(Your goal)
Count how many lines in the data below include "Size". Answer with the number only.

(Working data)
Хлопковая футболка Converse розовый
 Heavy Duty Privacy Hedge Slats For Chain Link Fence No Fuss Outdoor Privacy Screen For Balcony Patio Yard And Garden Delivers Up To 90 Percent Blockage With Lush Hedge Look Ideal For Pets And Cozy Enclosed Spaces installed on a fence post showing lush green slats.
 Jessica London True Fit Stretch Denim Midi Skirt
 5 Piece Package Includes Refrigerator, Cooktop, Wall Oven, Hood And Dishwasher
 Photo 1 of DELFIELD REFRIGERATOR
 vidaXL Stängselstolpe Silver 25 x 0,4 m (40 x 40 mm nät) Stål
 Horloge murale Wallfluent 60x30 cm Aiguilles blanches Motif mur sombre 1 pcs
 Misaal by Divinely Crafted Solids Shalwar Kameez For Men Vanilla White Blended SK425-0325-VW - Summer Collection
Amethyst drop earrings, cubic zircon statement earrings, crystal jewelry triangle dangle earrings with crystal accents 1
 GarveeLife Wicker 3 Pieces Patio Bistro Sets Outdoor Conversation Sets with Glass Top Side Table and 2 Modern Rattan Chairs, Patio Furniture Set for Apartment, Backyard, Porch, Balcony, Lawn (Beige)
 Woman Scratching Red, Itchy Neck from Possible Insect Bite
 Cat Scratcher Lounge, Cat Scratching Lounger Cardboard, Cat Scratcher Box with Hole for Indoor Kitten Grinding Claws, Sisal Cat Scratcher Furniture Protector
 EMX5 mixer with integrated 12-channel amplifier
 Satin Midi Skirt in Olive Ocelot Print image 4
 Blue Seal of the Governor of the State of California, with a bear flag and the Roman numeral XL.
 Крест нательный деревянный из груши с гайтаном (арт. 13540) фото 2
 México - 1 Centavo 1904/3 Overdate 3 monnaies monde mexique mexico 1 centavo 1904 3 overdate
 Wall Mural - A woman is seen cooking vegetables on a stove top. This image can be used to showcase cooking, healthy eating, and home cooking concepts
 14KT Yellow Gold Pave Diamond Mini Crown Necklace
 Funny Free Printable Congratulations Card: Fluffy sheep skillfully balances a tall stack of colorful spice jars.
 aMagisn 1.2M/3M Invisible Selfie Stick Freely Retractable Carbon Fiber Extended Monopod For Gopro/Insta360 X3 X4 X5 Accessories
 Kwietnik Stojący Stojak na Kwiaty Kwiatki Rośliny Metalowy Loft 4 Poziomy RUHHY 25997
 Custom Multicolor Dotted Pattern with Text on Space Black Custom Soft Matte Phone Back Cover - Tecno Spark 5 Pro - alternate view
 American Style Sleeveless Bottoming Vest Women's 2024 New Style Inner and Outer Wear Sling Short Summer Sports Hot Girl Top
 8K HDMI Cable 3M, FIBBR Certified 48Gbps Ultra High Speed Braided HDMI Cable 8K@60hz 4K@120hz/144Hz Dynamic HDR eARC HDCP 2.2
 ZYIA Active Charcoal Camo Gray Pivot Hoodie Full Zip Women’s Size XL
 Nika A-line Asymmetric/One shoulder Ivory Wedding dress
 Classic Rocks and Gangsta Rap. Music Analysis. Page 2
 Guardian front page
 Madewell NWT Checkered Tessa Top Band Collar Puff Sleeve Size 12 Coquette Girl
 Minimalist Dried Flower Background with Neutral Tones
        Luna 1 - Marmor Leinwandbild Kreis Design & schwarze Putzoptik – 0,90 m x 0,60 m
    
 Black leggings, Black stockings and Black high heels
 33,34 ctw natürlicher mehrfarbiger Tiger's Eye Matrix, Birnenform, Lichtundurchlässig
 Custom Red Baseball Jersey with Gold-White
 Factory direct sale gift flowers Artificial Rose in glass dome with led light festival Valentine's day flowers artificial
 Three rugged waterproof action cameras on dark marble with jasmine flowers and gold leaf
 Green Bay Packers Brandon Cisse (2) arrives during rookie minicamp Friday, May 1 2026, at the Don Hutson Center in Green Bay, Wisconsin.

(Solution for this problem)
2